EXERCISE DIRECTIONS
Exactly the lines from the one containing "Wild Blueberry Vinaigrette" through the one containing "Squirrel Monkeys in" in the listing below are to be copied, with the pictures left out.

EXERCISE MATERIAL
■ ■ ■ ■

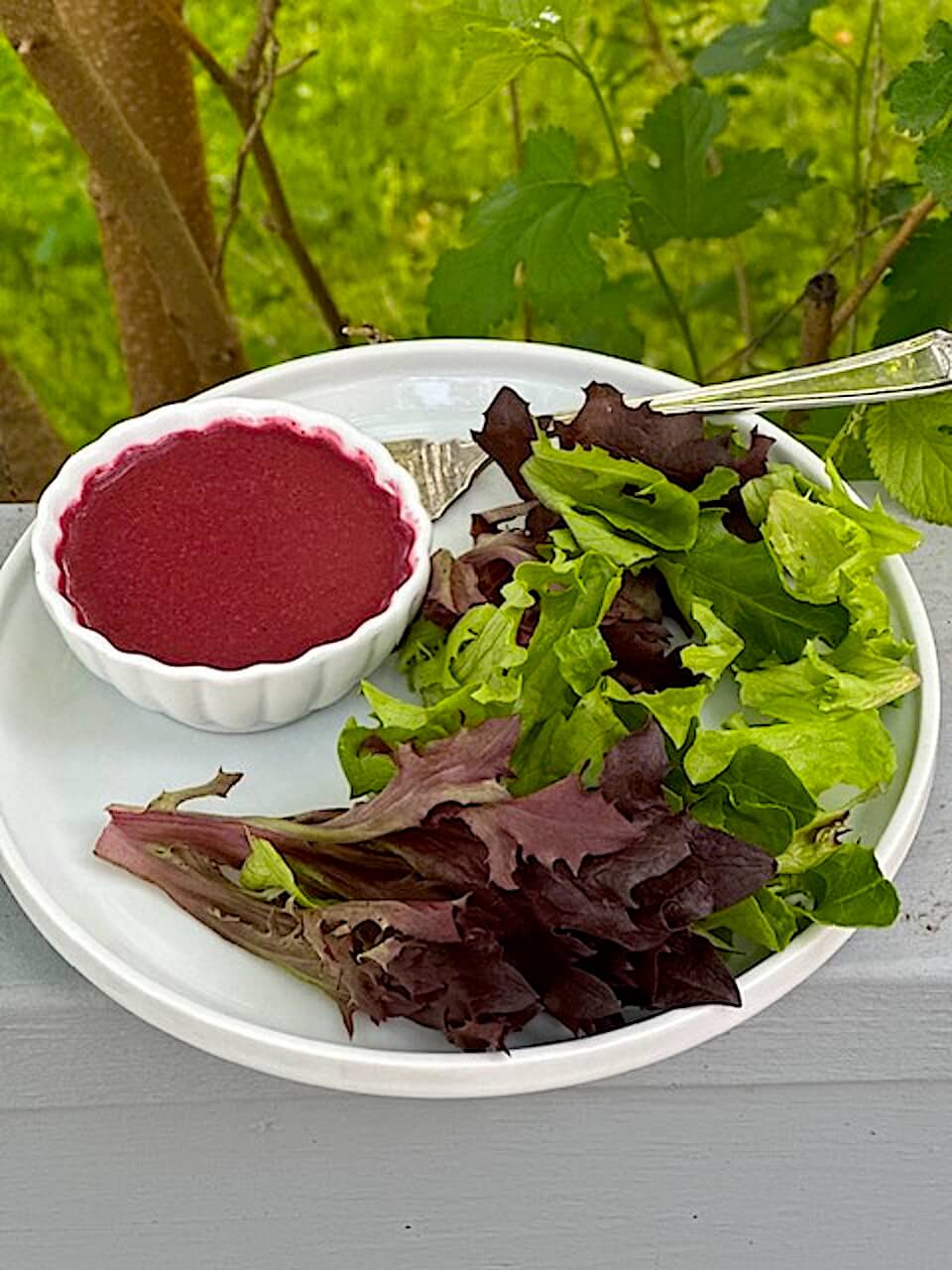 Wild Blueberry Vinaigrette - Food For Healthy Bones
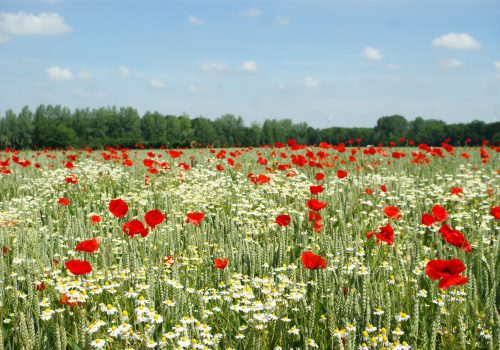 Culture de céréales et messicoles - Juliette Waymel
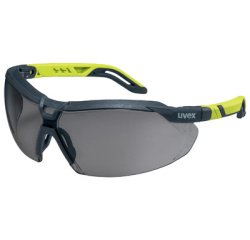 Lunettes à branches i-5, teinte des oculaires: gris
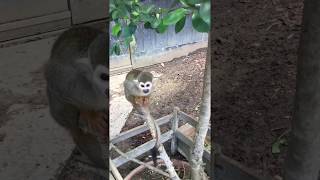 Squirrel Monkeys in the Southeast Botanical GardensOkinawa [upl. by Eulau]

■ ■ ■ ■

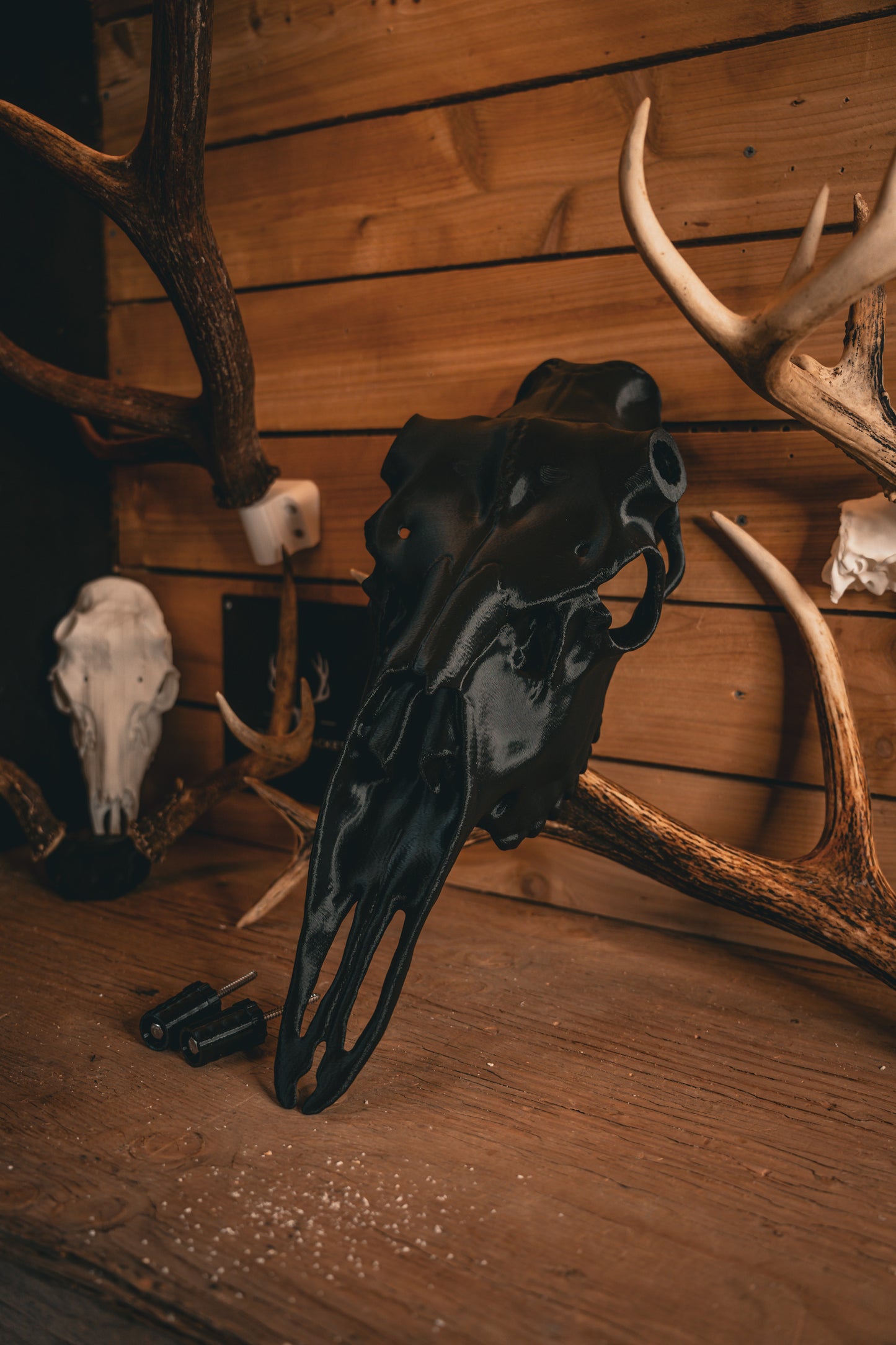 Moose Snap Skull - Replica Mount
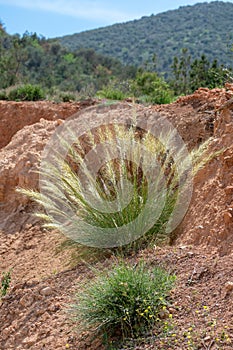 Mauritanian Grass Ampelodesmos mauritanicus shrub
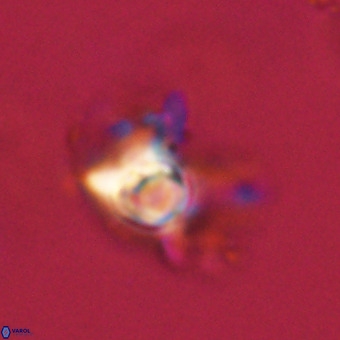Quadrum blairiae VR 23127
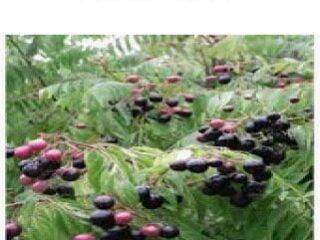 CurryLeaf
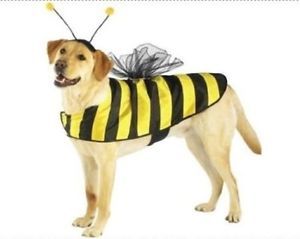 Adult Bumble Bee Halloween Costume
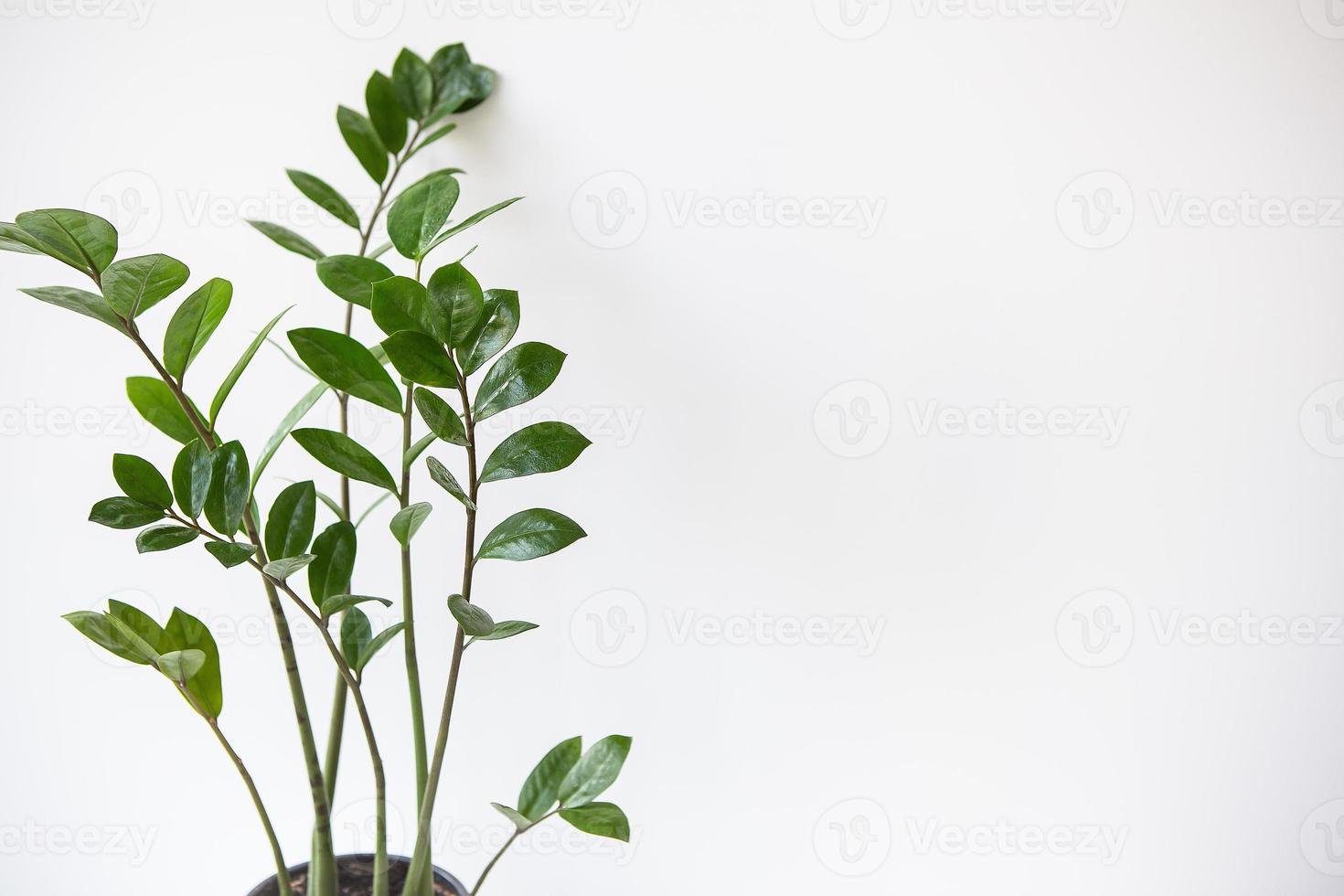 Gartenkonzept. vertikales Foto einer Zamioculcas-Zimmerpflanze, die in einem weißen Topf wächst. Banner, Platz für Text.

■ ■ ■ ■

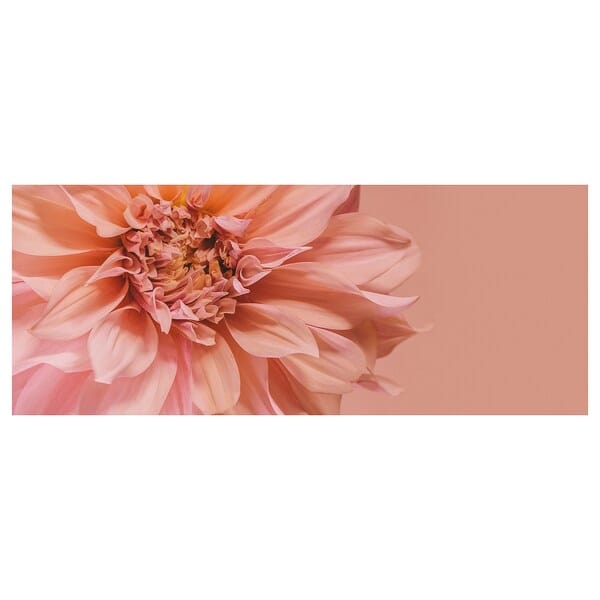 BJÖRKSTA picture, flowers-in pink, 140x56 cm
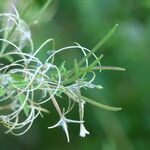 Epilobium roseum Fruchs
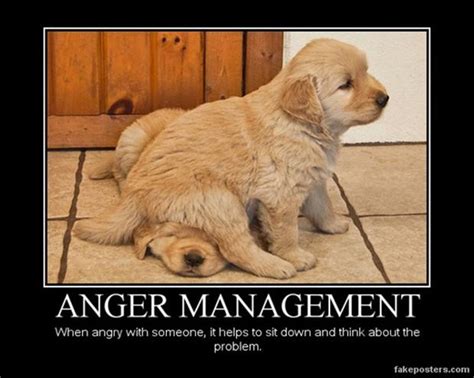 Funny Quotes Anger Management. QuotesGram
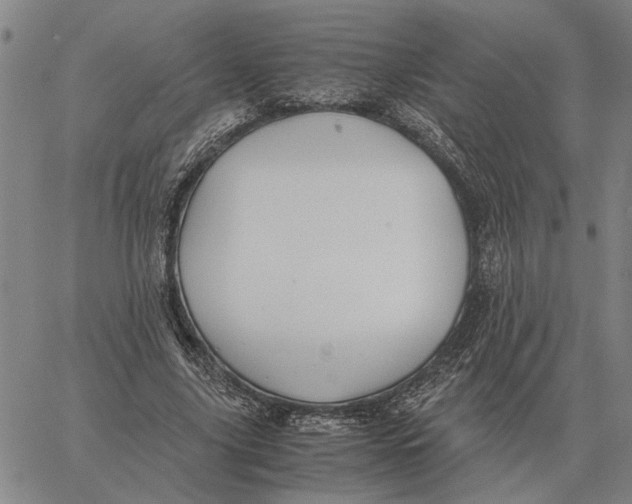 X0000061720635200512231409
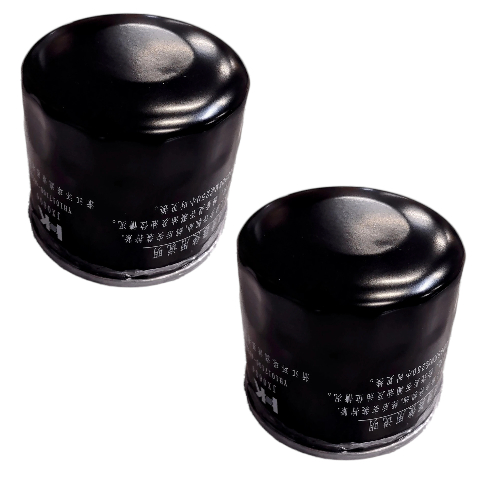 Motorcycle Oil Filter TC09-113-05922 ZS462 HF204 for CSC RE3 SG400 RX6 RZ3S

■ ■ ■ ■

ANSWER FOR THIS EXERCISE
 Wild Blueberry Vinaigrette - Food For Healthy Bones
 Culture de céréales et messicoles - Juliette Waymel
 Lunettes à branches i-5, teinte des oculaires: gris
 Squirrel Monkeys in the Southeast Botanical GardensOkinawa [upl. by Eulau]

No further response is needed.